Nunca tuve el gusto de conocerla pero era una de las profesionales que más admiraba del mundillo periodístico, especialmente por haber conseguido hacer muy amena una información que estaba necesitada de cierto estilo personal para llegar mejor al corazón de los telespectadores. No es nada fácil dotar de un sello personal a cualquier actividad y Paloma lo consiguió con su simpatía, su capacidad de comunicación y su profundo conocimiento de la curia.

Siempre me impresionó aquella manera suya  de transformar su labor profesional hasta el punto de convencernos de que teníamos una amiga en el Vaticano que nos llamaba de vez en cuando para ponernos al corriente de lo que pasaba por allí.

A menudo les cuento a mis alumnos de Periodismo que, cuando era un joven estudiante, como ellos, hacía prácticas en una emisora de radio local, en Vizcaya.
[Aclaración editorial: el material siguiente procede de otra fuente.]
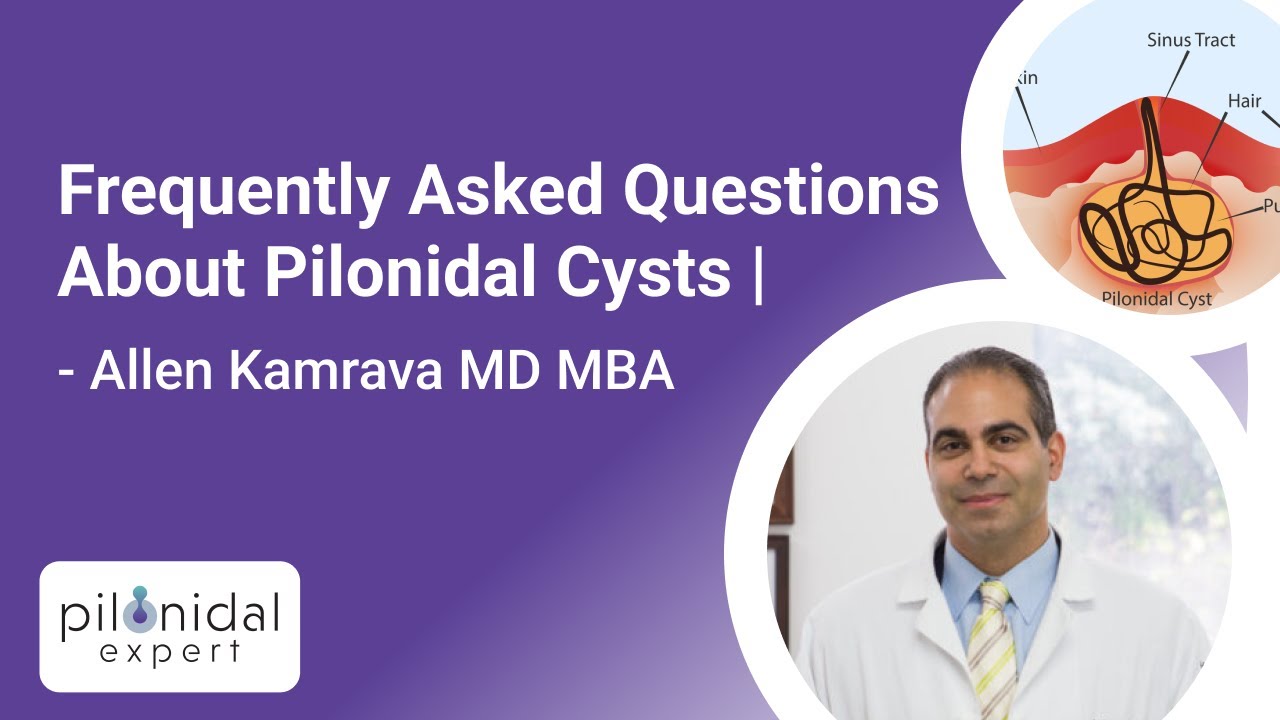 Frequently Asked Questions About Pilonidal Cysts | Pilonidal Expert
Un día, el director de la emisor me llamó para proponerme dirigir un programa propio, de media hora. Cuando escuché aquella propuesta casi toco el cielo porque pensé que ya se reconocía mi valía sin haber terminado la carrera. Cuando el director me dijo cuál sería el contenido del programa casi me caigo de espaldas del disgusto: tenía que hablar sobre carreras de caballos, ya que el programa sería patrocinado por la quiniela hípica.
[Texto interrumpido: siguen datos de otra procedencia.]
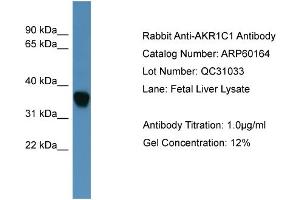 WB Suggested Anti-AKR1C1  Antibody Titration: 0. (AKR1C1 抗体  (N-Term))
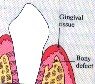 periodontal-disease-5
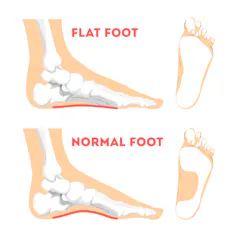 A flat foot compared to a normal foot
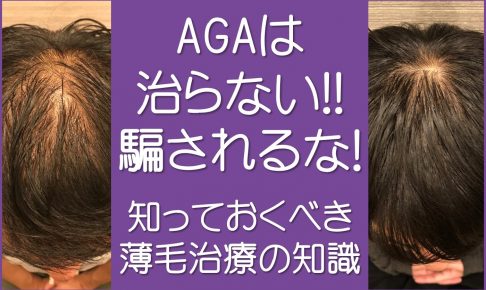 AGAは治らない！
Salí de allí completamente indignado, aunque primero balbuceé un decepcionado sí. Pero ya según bajaba las escaleras, me dije: Alejandro, si quieres ser periodista tienes que ser tú quien haga interesantes las cosas, debes ser tú quien marque un estilo. Aquello terminó bien, no es que ganase el Pulitzer, pero terminé presentando un programa digno en una provincia en la que no se celebraban carreras de caballos, en una época en la que no había internet para obtener información.

Paloma Gómez Borrero hizo eso mismo pero a un nivel infinitamente más grande. Estoy seguro de que su popularidad no venía motivada por un gran conocimiento del Vaticano ni por su estrecha amistad con Juan Pablo II, sino por desarrollar un estilo único que marcó una época entre los corresponsales en el extranjero.

Como miembro de esa inestable hermandad que formamos los periodistas solo puedo recoger aquí, humildemente, mi admiración por su trabajo, mi dolor por la pérdida y mi compromiso de intentar dignificar mi profesión como lo hizo ella.